As was expressed in this space previously, its seems to me also that something is up in the Church that's difficult to define. I don't pretend to have a prophetic view, but I am something of an aficionado of current events. Considering those, I'm not prepared to say whether matters have been stirred by the evil one or his henchmen. However, confusion and disorder are not fruits of the Holy Spirit. While the Church always has considered herself human, meaning imperfect, it looks to me that conditions are more grave than could have been fostered by mere human fumbling.
I do know that many people of goodwill are working very hard and very prayerfully within the Church to unite the children of Adam and Eve with the heart and mind of God. They listen intently to what people are saying. They work indefatigably to respond. However much damage has been done to our collective sensibilities, our faith confirms that God's still in charge.
Perhaps the very struggles about us are God's winnowing fan, a call to choose sides. Far be it from me to take credit for all the evil in the world, or to accuse you of it. But I am responsible for my part in it, whether by complicity or complacency. Parents have a responsibility to teach their children; but children also are bound, at some point, to take the lessons to heart and to be obedient. I can’t stand on the fence with God. He said be holy.
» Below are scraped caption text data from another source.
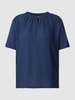 More & More T-shirt met plooien Marineblauw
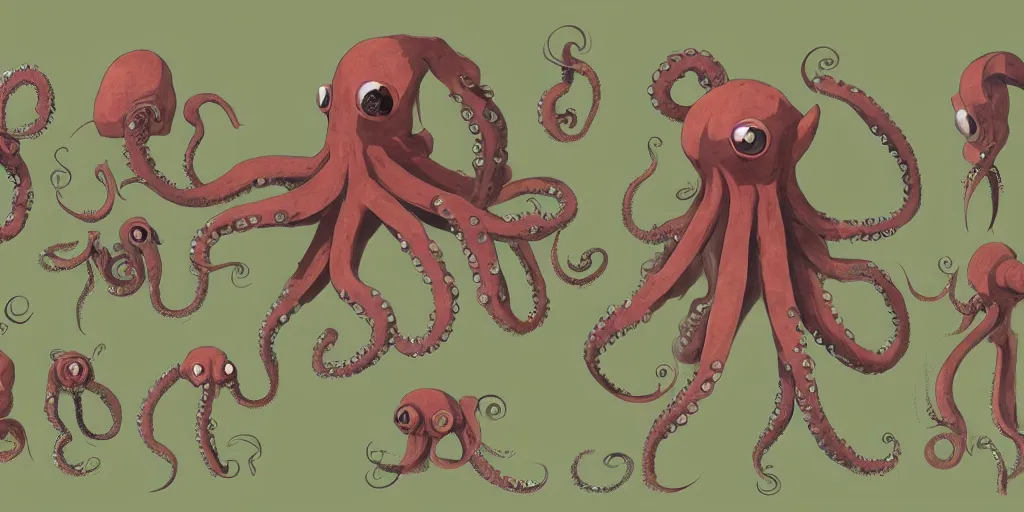 Image similar to character design, concept art, portal octopus, unreal engine, by studio ghibli,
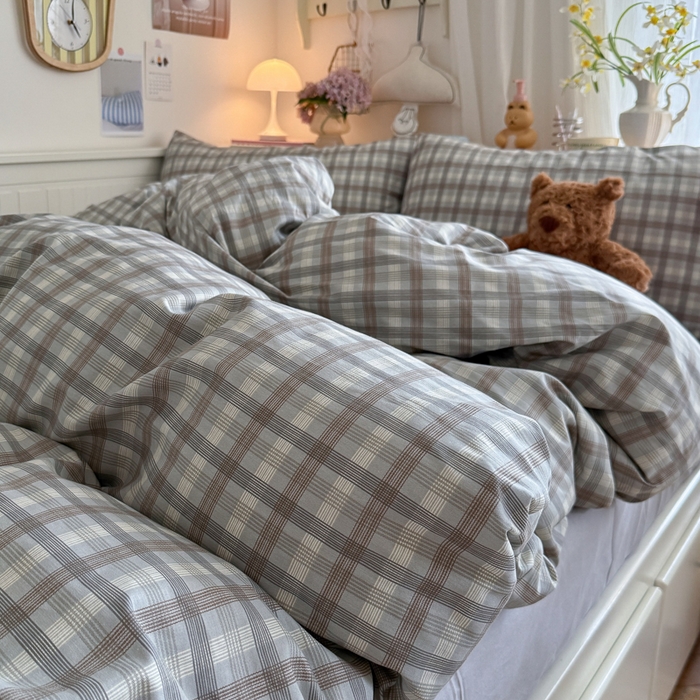 91家纺网 家纺一手货源 找家纺 Sweet dreams甜梦 2025新款卡通小清新全棉四件套 时尚格子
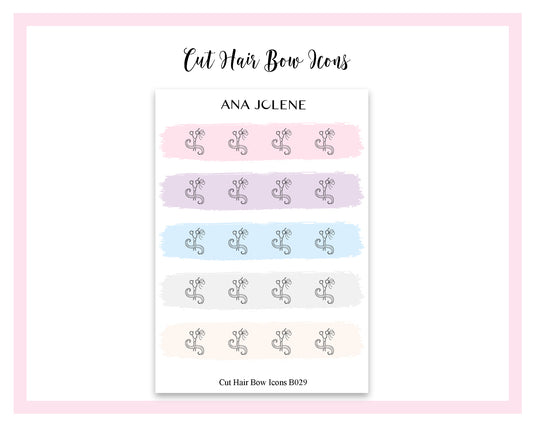 Cut Hair Bow Icon Stickers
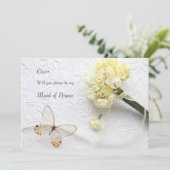 Invitation Fleurs jaune pâle avec demoiselle d'honneur papill (Debout devant)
It's hard to listen to prophetic voices recounting the dire circumstances of our times. Particularly nowadays, we want no part of anything “negative." Sometimes I think we believe more in the power of positive thinking than in the power of God. What's up is being "up." But if being “up" is just a smokescreen for my own secret sin, or a dead conscience, or an indifference to the needs of others; then being “up" is false and Godless and empty.
This point makes sense to me: If someone says something that offends me – shaking his finger, say, calling on sinners to repent while looking me in the eye – then one of two things is true. Either he's right or he's wrong. If my relationship with God is good, then what could unsettle me – even the perorations of some modern day John the Baptist. If, however, I'm too proud for words, and my terms with God are not good. Then perhaps I'd better heed what Jesus said: Watch out!
The Church is still the place to be, for all the faults of her own making and for the confusions abounding because of the enemy. It's better than the darkness outside or the fair-weather friendship of mammon. Inside there's still faith, there's still hope. There's still love. Yes, besides all the issues that vex our modern consciousness, the Church still teaches that the most important thing we can do is to love God.
My priest-friends from last week are right. No program is going to solve the problems that beset the Church. No program is an end in itself. But community activities just might help us to do the very thing the priests insist must happen: They may help us to pray, to repent, to get right with God.
If we were to look about one day soon and notice that, hey, people are praying, people are repenting and receiving the sacraments; they’re loving God and one another – if that were what were up, that would be okay, wouldn‘t it? Who knows, there may be some of that up right now. – T. R.